* **WHAT NEEDS TO BE DONE**
Write out exactly the lines running from the one with "Jacksonville Jaguars quarterback" to the end of the data, including both of those lines and excluding pictures.

[Extracted records]
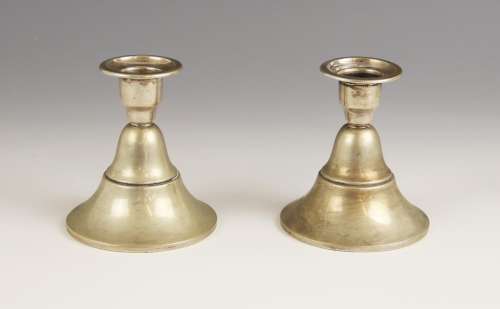 A pair of Dutch silver candlesticks, each sconce upon a step...
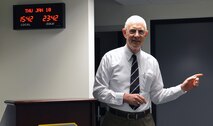 Dr. Robert Allen, 62nd Airlift Wing historian, briefs leadership on McChord history January 10, 2013, at Joint Base Lewis-McChord, Wash. Allen is responsible for managing all historical data relative to Team McChord and McChord Field’s history. (Courtesy photo) 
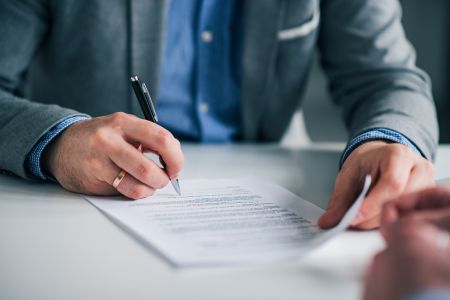 Zakres informacji o warunkach zatrudnienia dla pracownika z zagranicy. Na zdjęciu: podpisywanie dokumentu. 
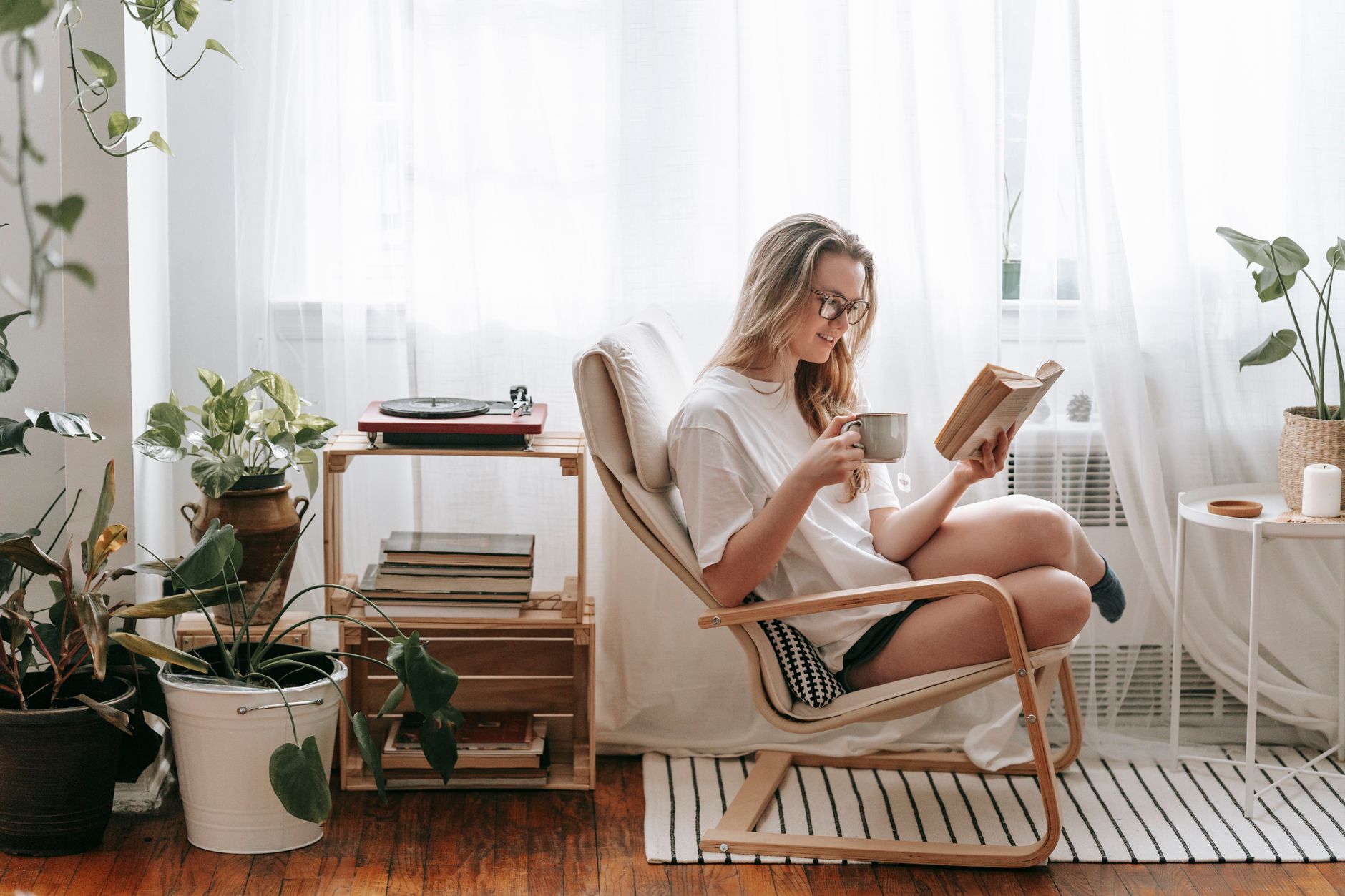 A third-trimester mom lounging with a postpartum recovery kit, a book, and a cup of tea.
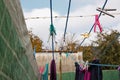 A clothespin hangs on the washing line. A rope with clean linen and clothes outdoors on the day of the laundry. Against the Royalty Free Stock Photo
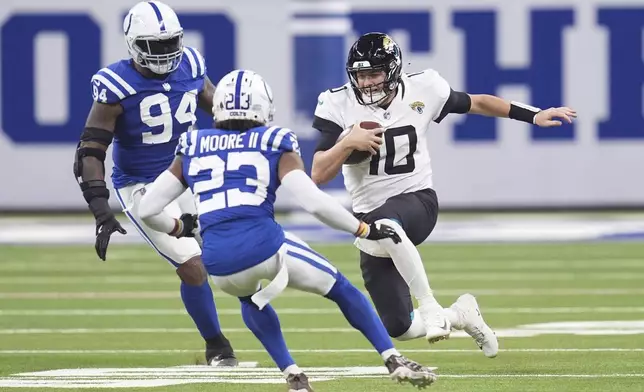 Jacksonville Jaguars quarterback Mac Jones (10) runs with the ball as Indianapolis Colts defensive end Tyquan Lewis (94), and cornerback Kenny Moore II (23) move in during the second half of an NFL football game, Sunday, Jan. 5, 2025, in Indianapolis. (AP Photo/Michael Conroy)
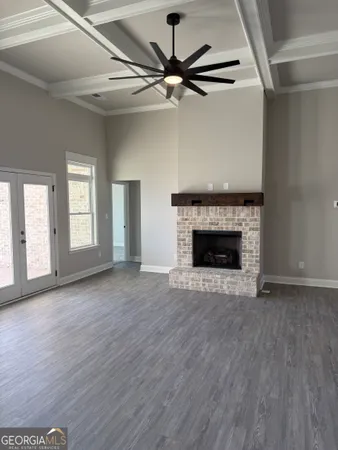 a kitchen with stainless steel appliances granite countertop a sink a stove and a wooden floor
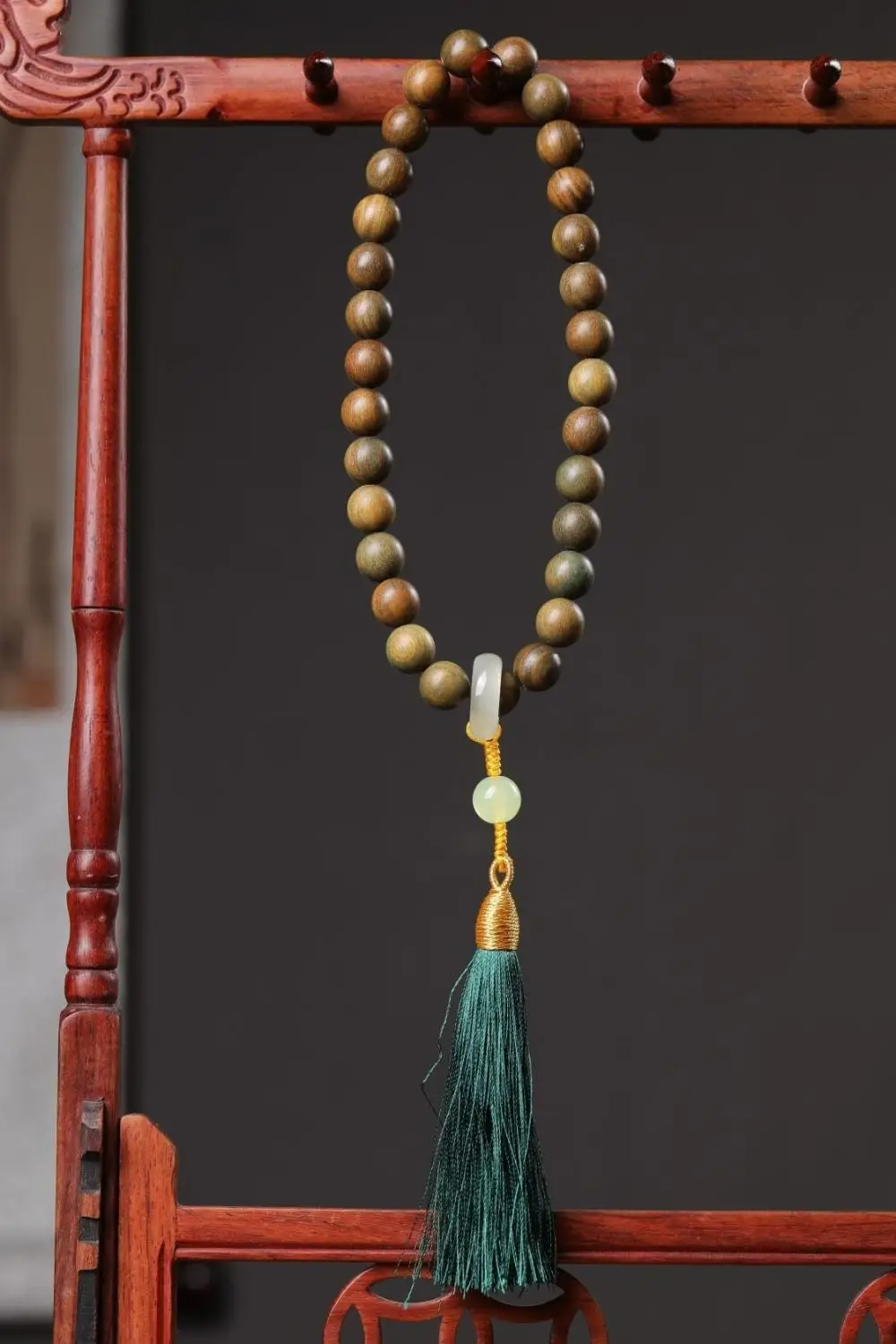 Argentinian Green Sandalwood Bracelet with Buddha Tassel — feature 11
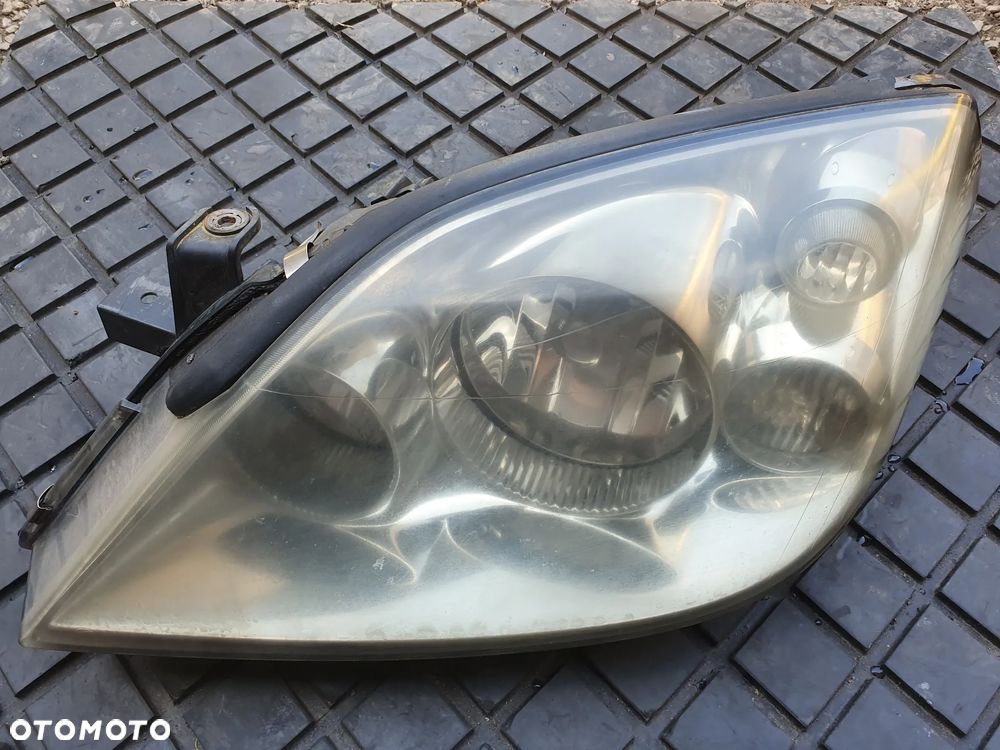 LAMPA PRZEDNIA LEWA  NISSAN PRIMERA P12 26060AU800EUROPA - 1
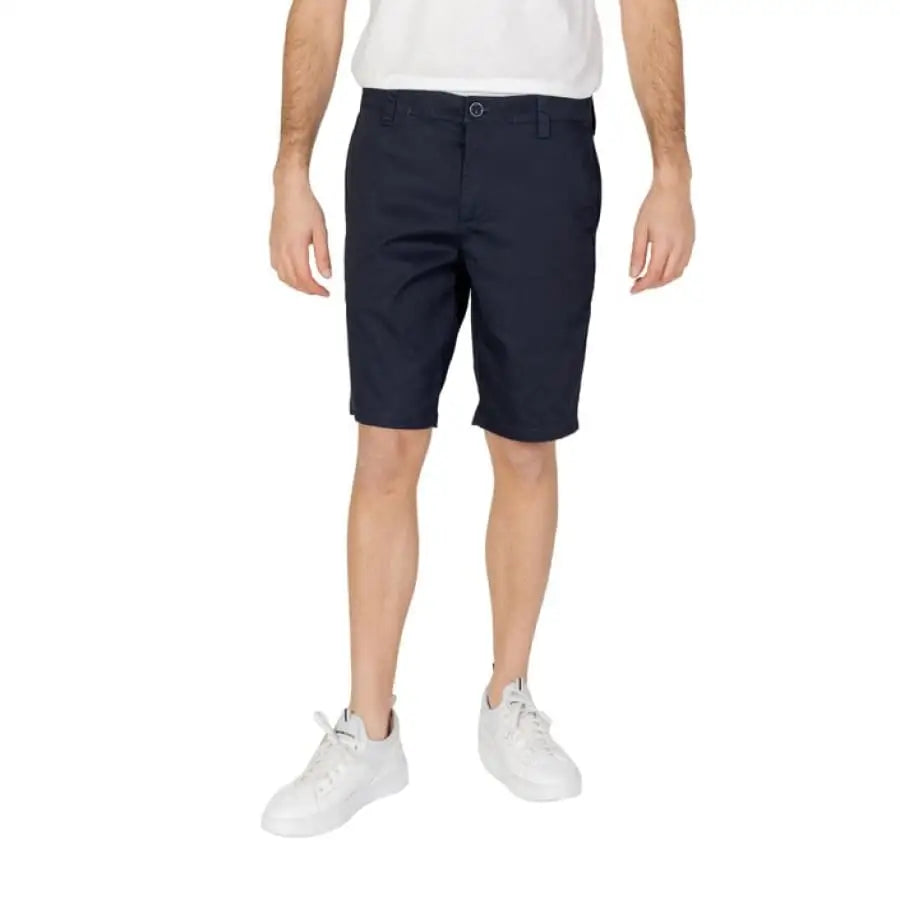 Armani Exchange Men Shorts for spring summer, featuring man in white t-shirt and black shorts.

* **OUTPUT FOR THIS EXERCISE**
 Jacksonville Jaguars quarterback Mac Jones (10) runs with the ball as Indianapolis Colts defensive end Tyquan Lewis (94), and cornerback Kenny Moore II (23) move in during the second half of an NFL football game, Sunday, Jan. 5, 2025, in Indianapolis. (AP Photo/Michael Conroy)
 a kitchen with stainless steel appliances granite countertop a sink a stove and a wooden floor
 Argentinian Green Sandalwood Bracelet with Buddha Tassel — feature 11
 LAMPA PRZEDNIA LEWA  NISSAN PRIMERA P12 26060AU800EUROPA - 1
 Armani Exchange Men Shorts for spring summer, featuring man in white t-shirt and black shorts.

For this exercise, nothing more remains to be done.